“...beautifully captures the complex intriguing elements of identical twins’ unique joys and challenges”
—Nancy L. Segal, Ph.D.
Jan 2010
Separation. Individuation. Splitting them up. Spending separate time. There is so much emphasis – justifiably – on separating twins, making sure they develop their own strengths, friends, connections to parents and other siblings, etc. Make no mistake, I think it’s crucial that twins forge a distinct self – so much so that my subtitle includes an assumption that everyone engages a “struggle to be singular.” Indeed I devote an entire chapter to the subject of separation, called “Making the Break.” (p. 146 – it’s one of my favorites and it’s probably the most revealing in the book). But during my research, I also stumbled upon twins who were entirely comfortable with celebrating sameness – such as Lisa and Debra Ganz, who still dress alike in their forties, or the Christ twins who married other twins and lived all together in the same house. Last weekend I came across this blog, written by Fern and Fran, http://twiceasnicetwin.blogspot.com/. They are another pair who seem to revel in their two-ness. Each blog post is signed, “The Twins,” and whichever twin is writing refers to her sister as “Twin,” – for instance when one writes that she bought a piece of furniture, “Twin got one too,” or: “Twin and I are setting some goals for the new year.” I don’t judge this in the least – Fern and Fran most likely live independent lives and would tell me (if I met them) that they have no confusion about who they are as individuals. The only aspect about which I would warn parents of twins is that it’s one thing for them to choose the language of sameness as adults, but it’s another thing to raise twins using those terms – for example, calling twins “The Twins,” or maybe labeling them early, as was the case with Eileen Pearlman, an identical twin who counsels twins and parents of twins in Santa Monica (see her website Twinsight.com).
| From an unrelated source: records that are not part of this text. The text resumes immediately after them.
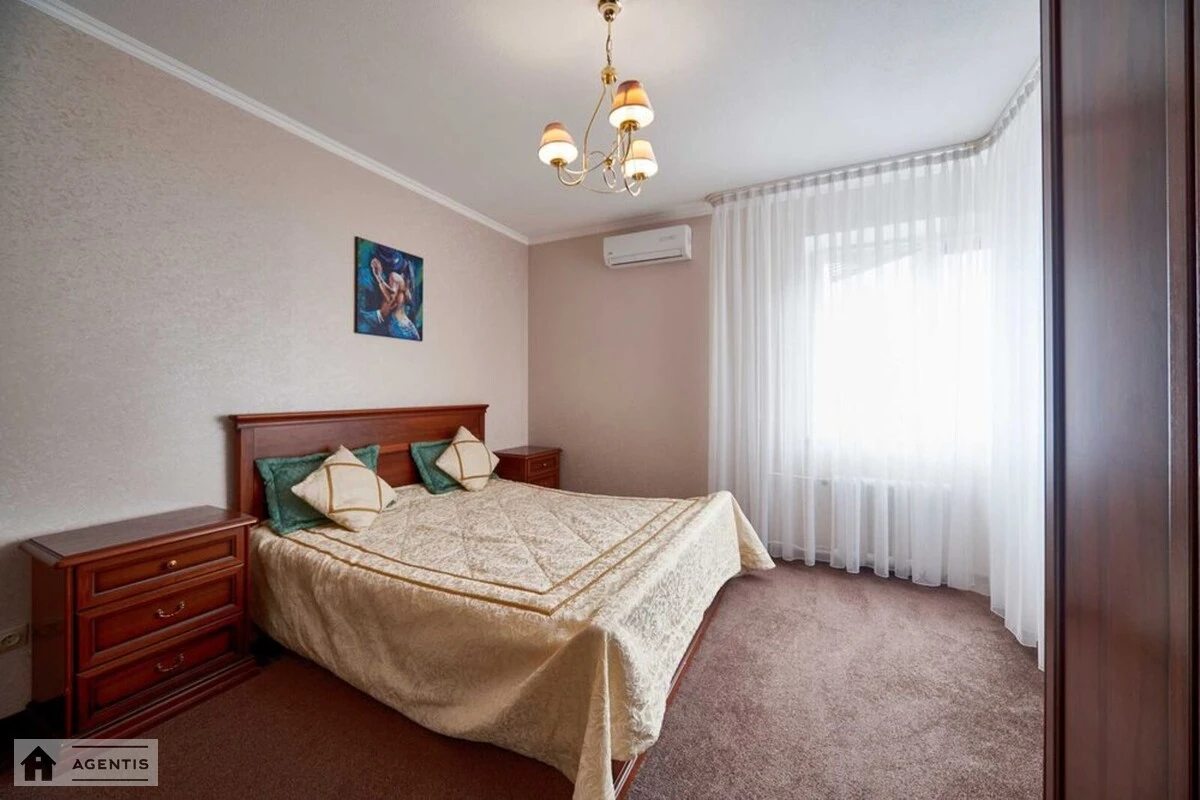 Apartment for rent 3 rooms, 120 m², 5th fl./12 floors. 29, Levka Lukyanenka vul. Marshala Tymoshenka, Kyiv. 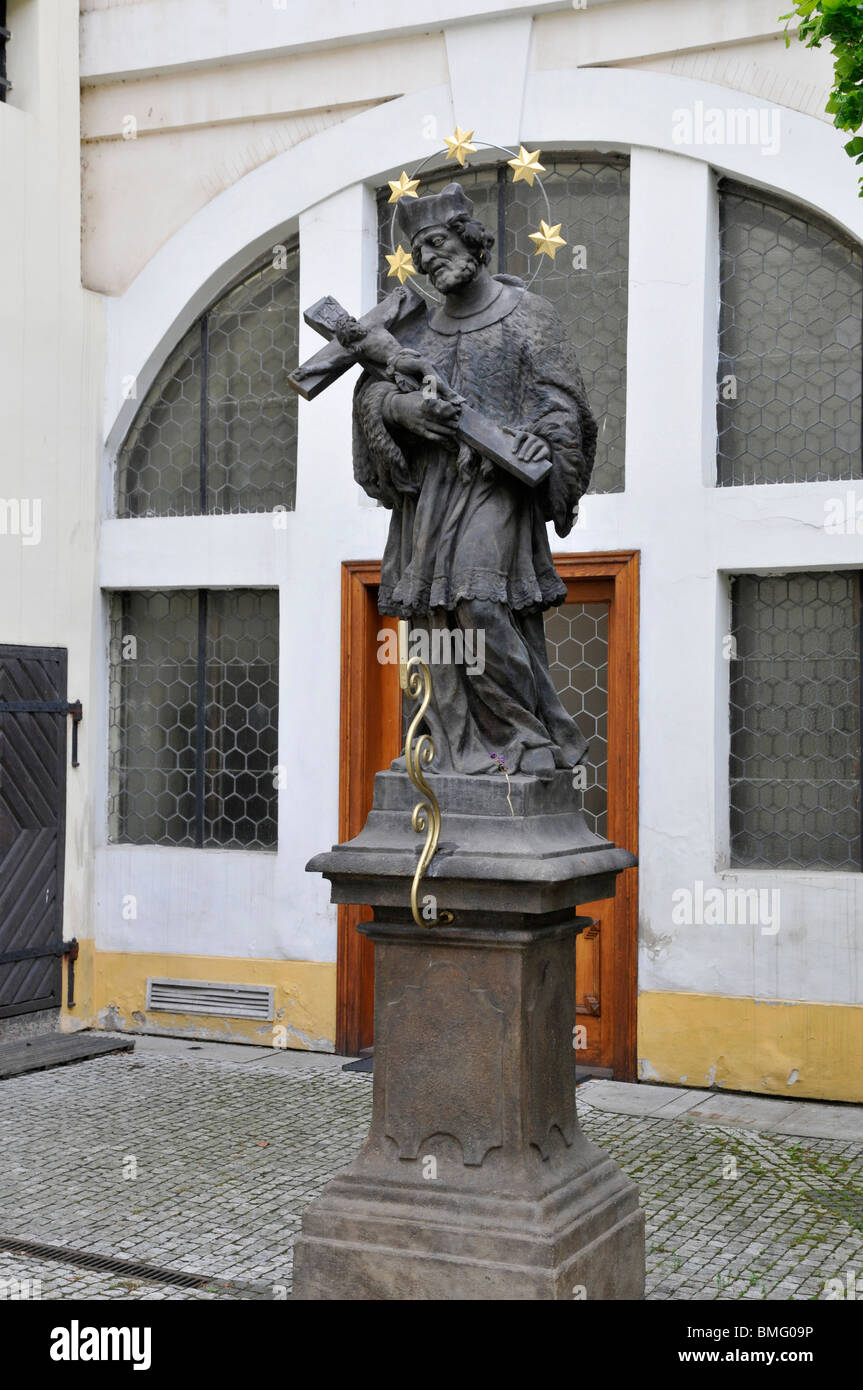 La sculpture de l'homme avec croix, Prague République tchèque l'Est Europa Banque D'Images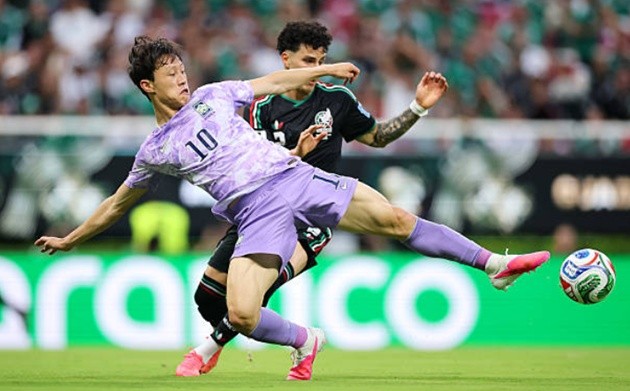 Lee Jae-sung – 6.3 điểm: Dù là một cầu thủ dày dạn kinh nghiệm nhưng đây rõ ràng không phải là trận đấu của anh. Jae-sung gần như bị lạc lõng giữa hệ thống phòng ngự của đối phương.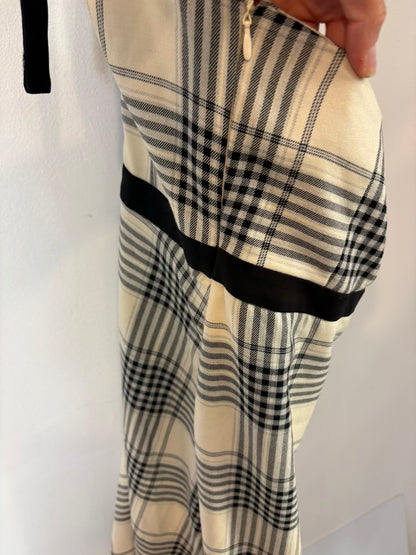 IQ COLLECTION, Vestido asimétrico cuadros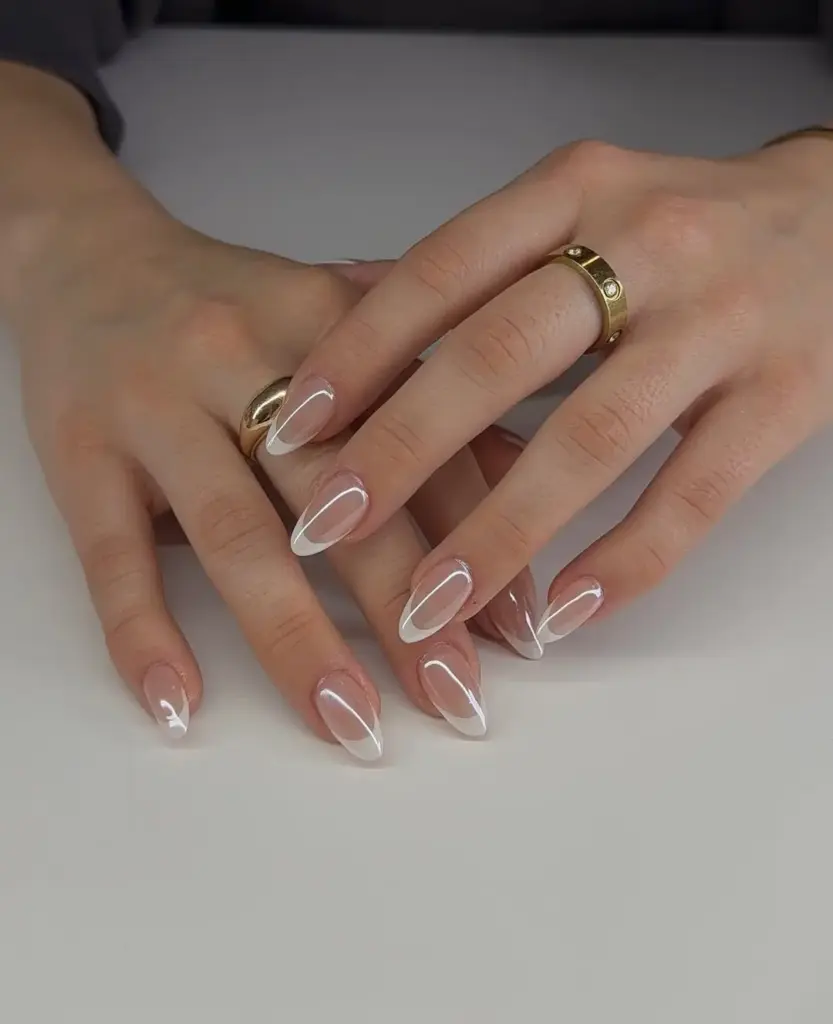 Işıltılı “French” ile yeni yıl estetiği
She was called “Skinny” and her twin was called “Fat.” They were names used affectionately but they clearly took a toll – not only because they were reductive labels but because they weren’t their names. The temptation to use cute or generic titles is often there with twins, but I’d advise parents to resist them. Better to let twins decide to embrace the cuteness as adults, when it’s their choice to make and when their identities have been largely formed.